As that train pulled out of the station and traveled through Northern Illinois, more dischargees boarded at Fort Sheridan and Great Lakes Naval Station. The diner was packed, so we bought sandwiches from a vendor in Milwaukee – a slice of bologna between two slices of dry bread. As we approached small towns in Wisconsin, snow-covered figures waited for returning heroes. We watched emotional reunions through the frost-covered windows of our coach. At one town, a large, beautifully lit Christmas tree stood on the platform, surrounded by a crowd. At the corner of the platform, a group of carolers sang Christmas songs.

When a young soldier stepped of the train, two burly men lifted him above their shoulders while everyone cheered his arrival. Then they gently set him down and a pretty young girl rushed up and embraced him. The servicemen in the car whistled and cheered as the train pulled away from the station.

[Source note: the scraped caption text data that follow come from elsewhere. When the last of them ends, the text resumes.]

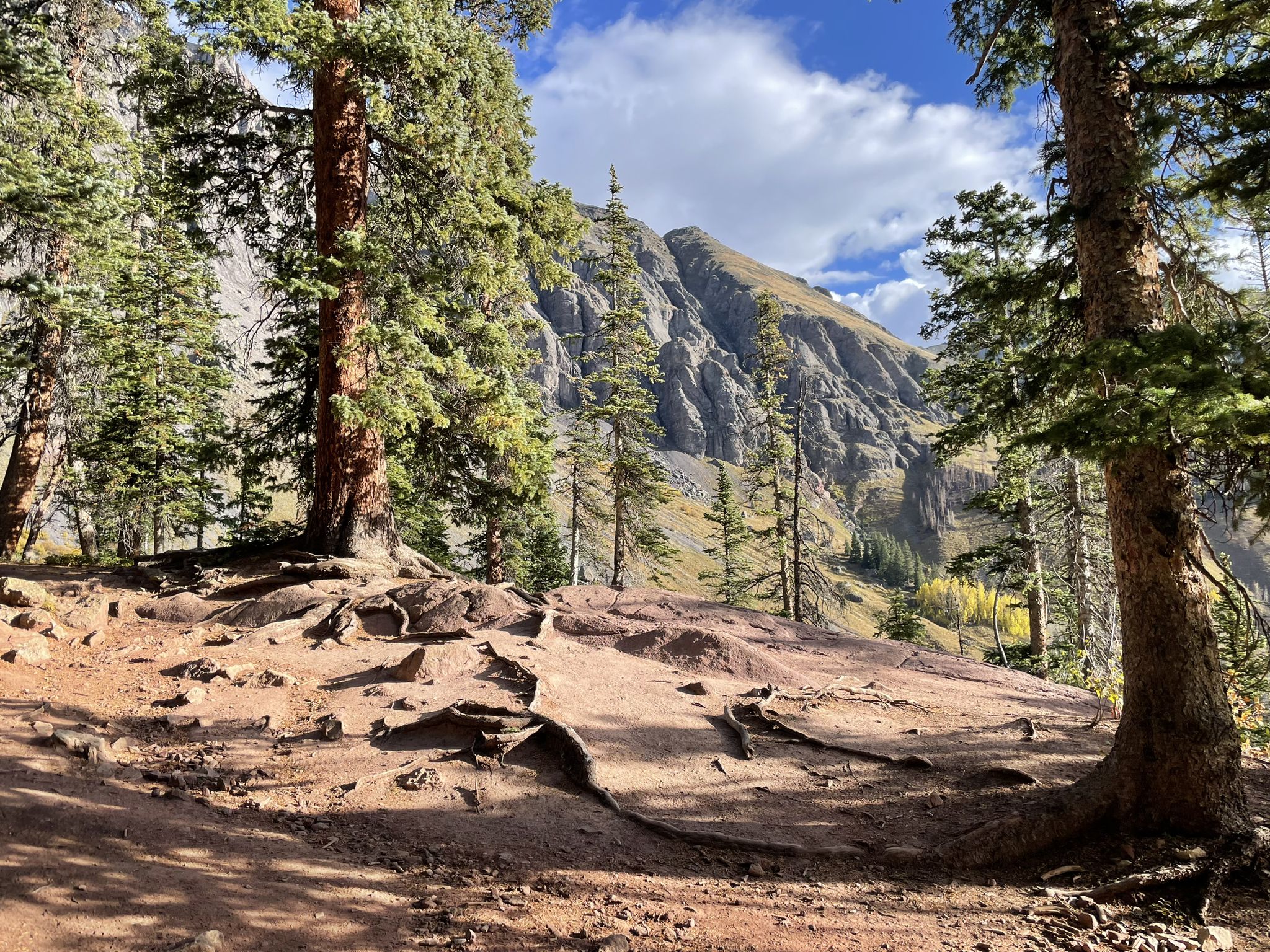 Tree roots on a dirt path, with a steep, rocky mountain in background. - Ice Lake Trailhead – Clear Creek Waterfall loop from Ice Lakes Trailhead Parking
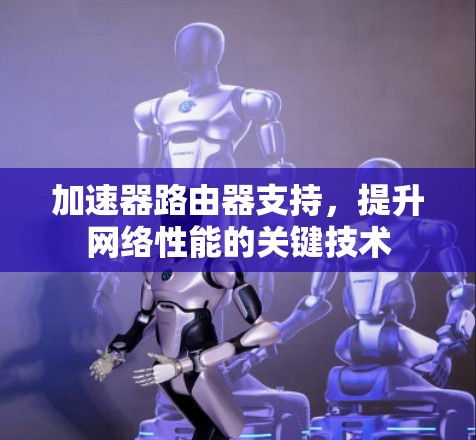 加速器路由器支持,提升网络性能的关键技术 加速器路由器支持,提升网络性能的关键技术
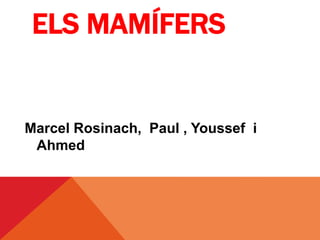 ELS MAMÍFERS
Marcel Rosinach, Paul , Youssef i
Ahmed
 
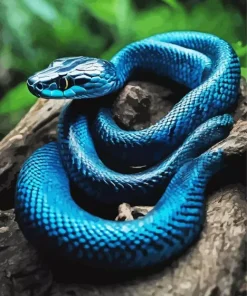 Black And Blue Snake Paint By Numbers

The carolers‘ voices drifted into the car and my roommate, who had a lovely voice, joined in the song. From the other end of the car, the voice of at tired baritone sang along and the two harmonized the beautiful old carol, Silent Night.

When they finished, everyone in the car applauded and the mood brightened considerably. Someone passed around a flask of brandy, and the conductor passed out Pullman pillows and turned up the heat in the car. We fell into a restless sleep.

The next morning I awoke with a scratchy throat, a headache and a fever. The train was moving slowly, plowing, through huge snowdrifts as we finally reached our destination. Dad was waiting with the old Packard, which he drove skillfully over the ice and through snowdrifts to our home. After at hot bath I went to bed. I remained there for the entire vacation, missing the welcome-home parties and visits from friends and relatives.

On January 1, 1946 recovered from the flu, I boarded the old train for the trip back to Chicago. On my way back to the university, I met a handsome naval cadet who told me he was from California and was anxious to get back to the sunshine. At that moment I decided I would marry this young man who would take me away from this cold city, and 11 months later, I did.